Tinatini Dvali outside her job at MV Salads. —Nicholas Vukota

Editor’s note: Over the coming weeks, The MV Times will be sharing the stories of a handful of the hundreds of students who received permission to work in the country under the exchange visitor visa, commonly known as the J-1. We start with Tinatini Dvali, who came to us with the idea for this series. Her hope is that Islanders and visitors understand that J-1 students are more than workers, and are an important thread in the fabric of Island life and culture.

This summer is Tinatini Dvali’s third spent on Martha’s Vineyard. She first traveled thousands of miles to the Island through a work-travel program in 2022, and has applied again every year since. She is one of hundreds of J-1 students who bolster the local economy during its busiest seasonal time and the summer break from university, usually between the months of May and September.

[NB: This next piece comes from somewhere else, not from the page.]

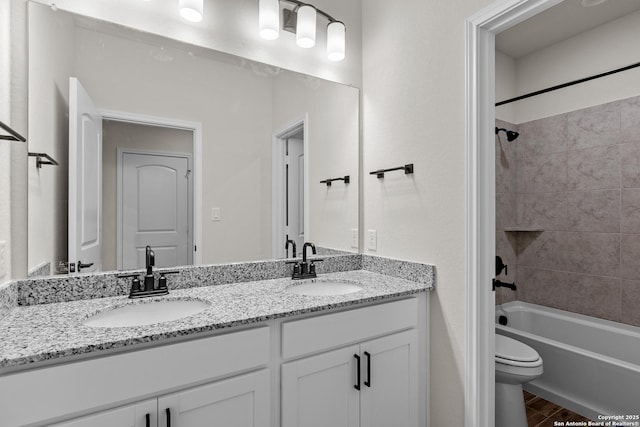 full bathroom with vanity, hardwood / wood-style flooring, toilet, and tiled shower / bath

On a recent sunny day, Dvali sat down with The Times to talk about her experience on the Vineyard — the highs, the lows, and her daily routine. She rested cross-legged in the grass at Ocean Park in Oak Bluffs, in the hour break between her six double shifts at two different Island establishments. Her brown hair was loose and lying over her shoulders. Most of the day, she wears it pulled up in a ponytail.

“These three years that I’ve spent here have changed me,” she said. “Once you come here … I feel like [the Island] gets into your mind so much, and you cannot erase [it], and you feel pulled back.”

Dvali is originally from Georgia, an Eastern European country of 3.7 million people that borders Russia and Turkey. She celebrated her 21st birthday last Sunday.

Dvali remembered the past three summers fondly. She worked at some of the most beloved local establishments: During her first year, she was a barista at Mocha Mott’s and scooped ice cream at the Sweet Spot in Oak Bluffs. She said she loved the places and people, but that her first couple of months on-Island were a huge adjustment. 

“The first year was confusing for me, because it was such a huge change. Growing up in an Eastern European country and coming here … it was a blur for me,” she said.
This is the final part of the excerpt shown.